The letter, dated May 22, 2026, was sent by Eric Fishman of ArentFox Schiff LLP on behalf of Gilgeous-Alexander, and demanded that Underdog stop using his NIL, pull the promotion across platforms and destroy remaining copies of the game. The legal question is not whether fans can joke about SGA’s foul-drawing. They can, and they do. The sharper question is whether a company can use a player’s identity to sell or promote a product without permission, even if the product is framed as parody.
That is where this becomes bigger than one joke. Gilgeous-Alexander is one of the NBA’s most brilliant offensive players, an MVP-level guard whose footwork, patience and body control make defenders wrong before they even know they have made a decision. But he has also become the face of the league’s foul-drawing debate, the player critics point to when arguing that modern stars are not just beating defenses but manipulating the rules around them.

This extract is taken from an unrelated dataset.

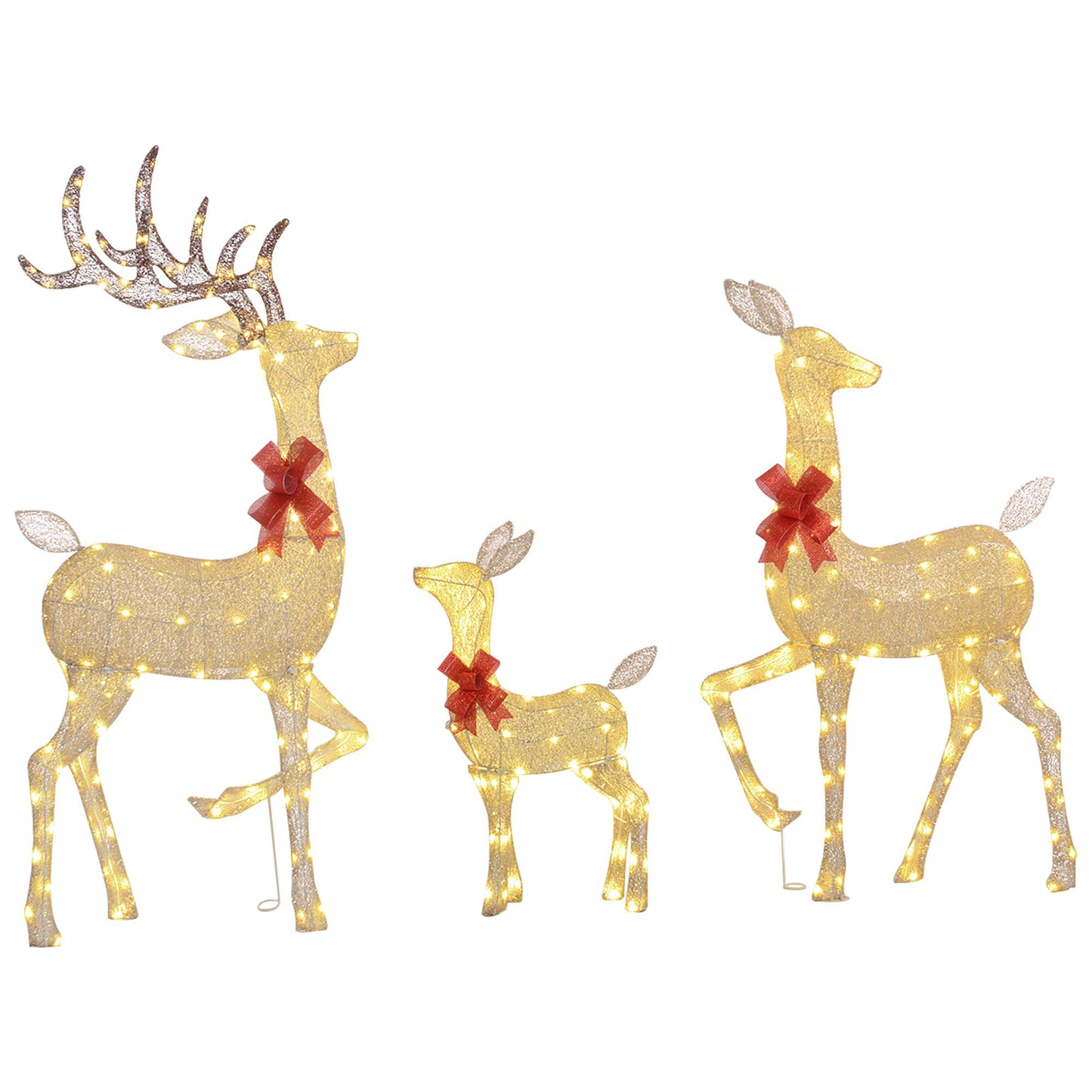 4.5ft 3-Piece Light Up Christmas Deer Family Set of 3, Lighted Reindeer Christmas Decorations with 2 LED Light Modes, Stakes, Zip Ties for Indoor, Outdoor, Yard, Lawn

Underdog saw that conversation and turned it into content. SGA’s camp saw it and turned it into a legal boundary.
There is irony everywhere. The same skill that makes Gilgeous-Alexander almost impossible to defend has now made him easy to parody. The same online joke that fans repeat every night has become a formal NIL dispute. And the attempt to shut down the promotion may only make the image travel further, the classic Streisand effect in NBA form.
Still, the serious part is simple: Gilgeous-Alexander is protecting the commercial use of his identity. In an era when athletes’ NIL rights are more valuable and more aggressively guarded than ever, even a joke can become a business problem once it is attached to a giveaway, a brand and a promotional campaign.
On the floor, SGA will keep hunting angles. Off the floor, his lawyers are now hunting unauthorized use.